Hi so I have a 1995 200sx and all of a sudden the dash lights for the speedometer and other meters have gone out, turn signals and all other warning lights still function. I have checked all the fuses and they all are working I was wondering if anyone has any ideas. Or would I just need to replace the light bulb.


----------



## jkupper (Jul 8, 2009)

Ok upon using the search feature I am now fairly certain it has something to do with my newly installed deck I am going to take it apart and see if any wires are shorting


----------



## Divo25 (Jan 3, 2007)

HOLY COW PLEASE KEEP US POSTED ON THIS DRAMA! ...and some people say that this forum is dead HA !


----------



## NiSmO_O (Feb 12, 2008)

jkupper said:


> Ok upon using the search feature I am now fairly certain it has something to do with my newly installed deck I am going to take it apart and see if any wires are shorting


Check that or your dimmer switch thingy might be dead, play with it and see if it works. I had the same problem m8 so it's a possobility.

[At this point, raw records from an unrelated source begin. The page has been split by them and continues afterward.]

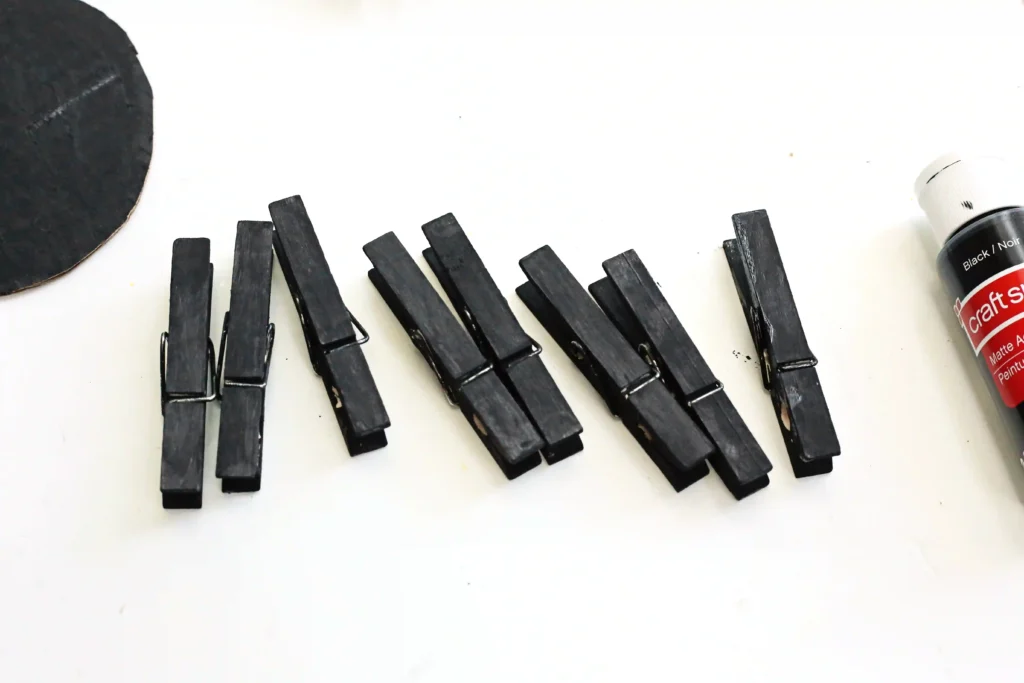 clothespins painted black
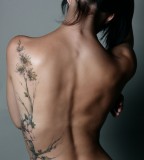 beautiful full lengh floral tattoo blossoms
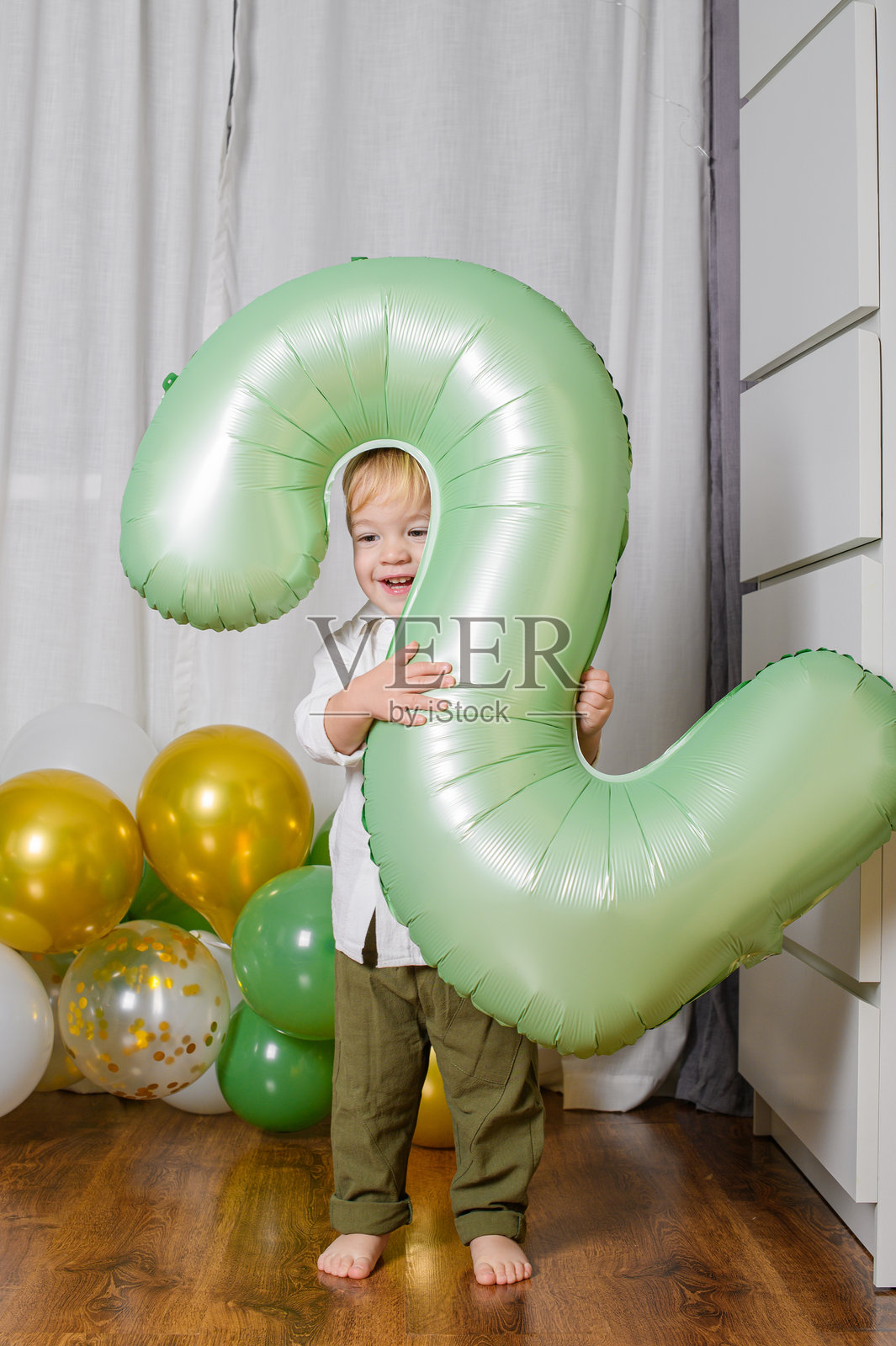 幼儿庆祝二岁生日，手持绿色数字气球照片摄影图片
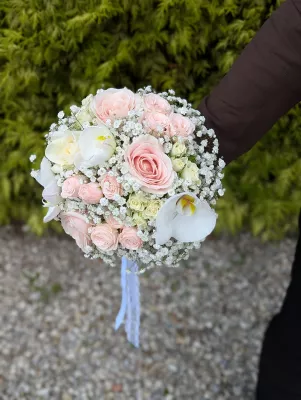 Sublime bouquet de mariée classique avec des roses roses pâles, des orchidées blanches et du gypsophile pour un mariage.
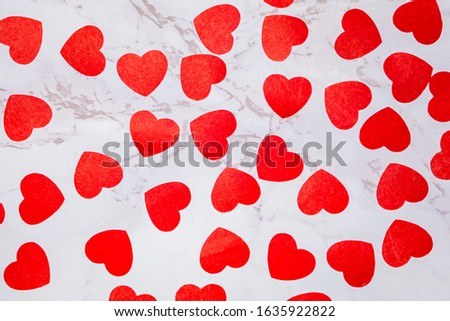 Paper hearts on a marble background. Background to the day of St. Valentine. Valentine's Day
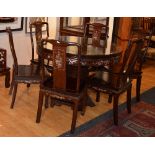 A Chinese Hongmu style hardwood and mother of pearl circular dining table with six chairs,
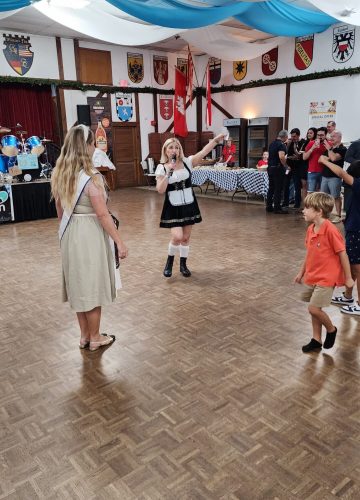 Woman singing in traditional German attire at event.
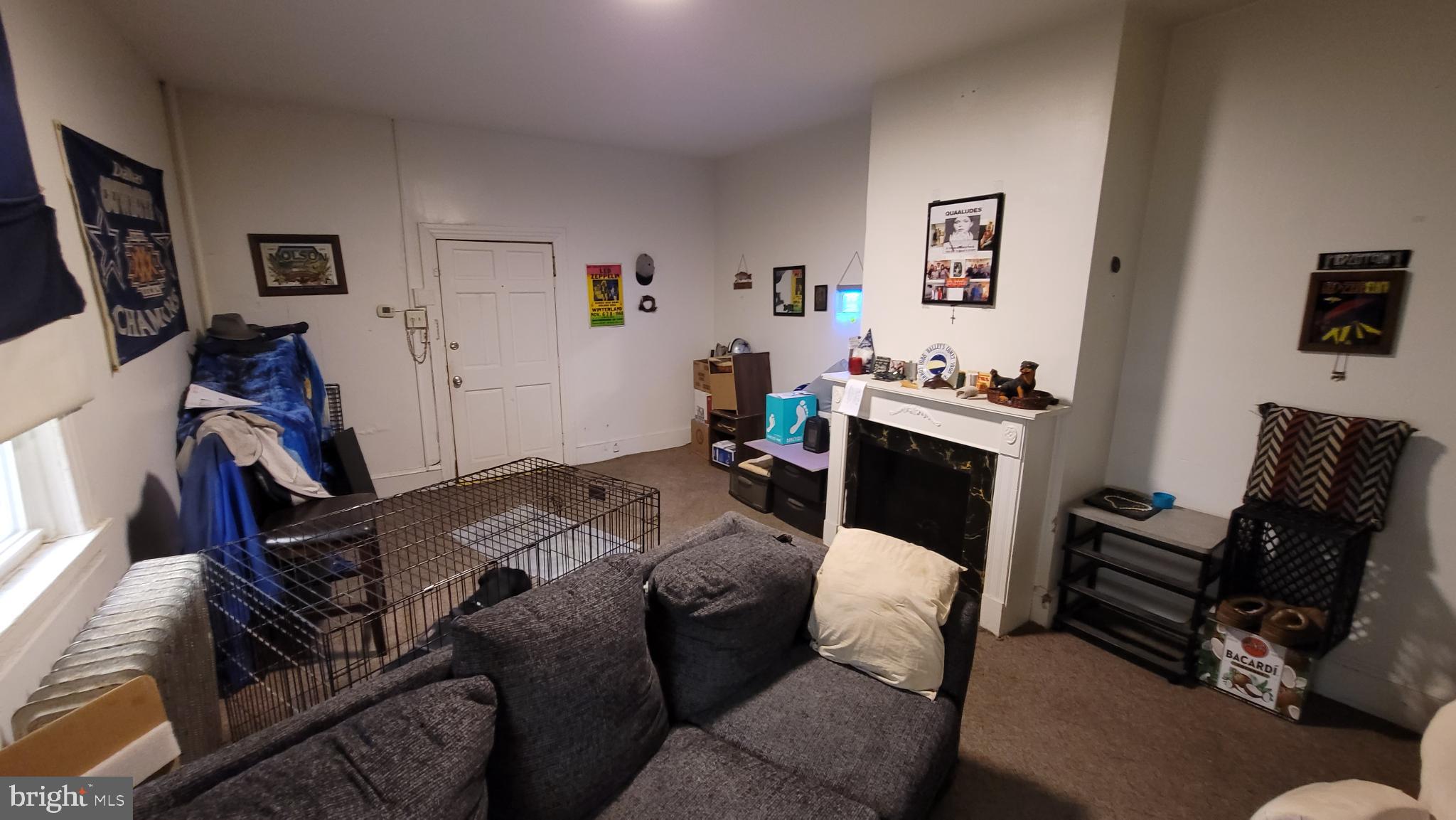 146 North 5th Street Reading, PA 19601 - Photo 9 of 53 a living room with furniture and a flat screen tv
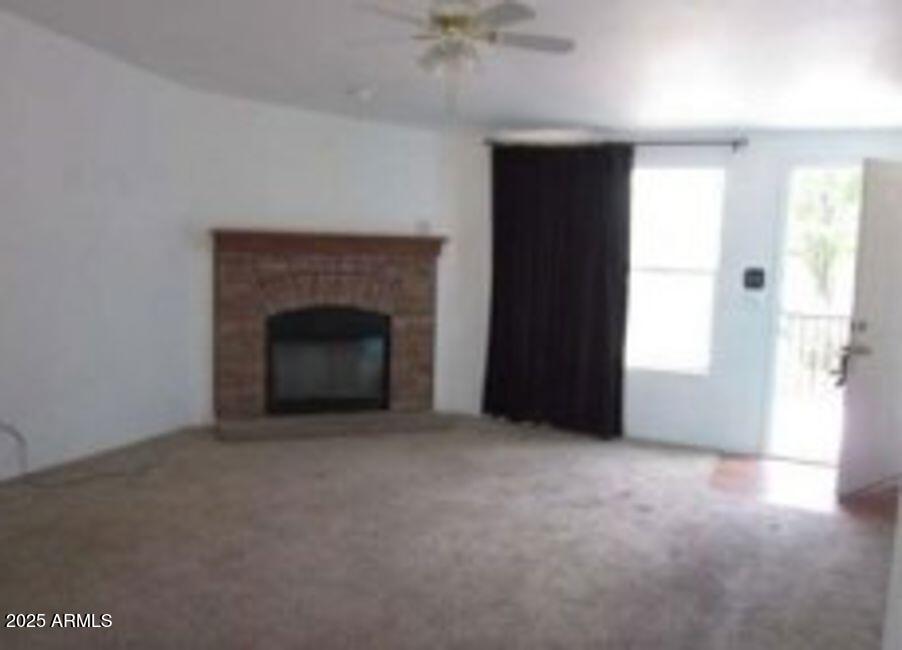 1495 Buffalo Run Road Chino Valley, AZ 86323 - Photo 7 of 20 an empty room with windows and fireplace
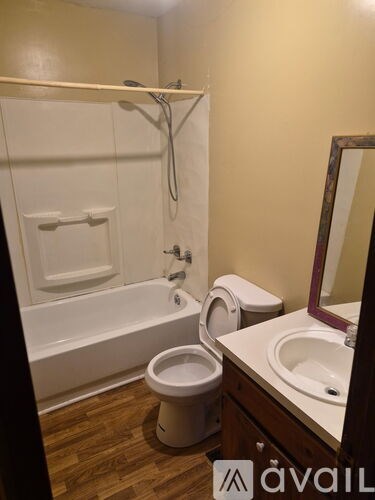 A bathroom with a toilet, sink, and bathtub.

Good luck.


----------



## sinning (Mar 28, 2008)

i had the same problem on my sentra the dimmer was messed up got that fixed and the lights came right on


----------



## IanH (Feb 11, 2003)

x3
need a new dimmer switch


----------



## jkupper (Jul 8, 2009)

hey so I double checked my cd player and everything appeared to be correct. I will check the dimmer switch now


----------



## jkupper (Jul 8, 2009)

hey it was in fact the dimmer switch, i just did the dimmer switch bypass technique and everything is working good now thanks for the help.


----------



## LostDude (Dec 6, 2008)

jkupper said:


> hey it was in fact the dimmer switch, i just did the dimmer switch bypass technique and everything is working good now thanks for the help.


Could you help a newbie out?... I think I may need to do the same thing. Just need step by step process to do this. Thanks.


----------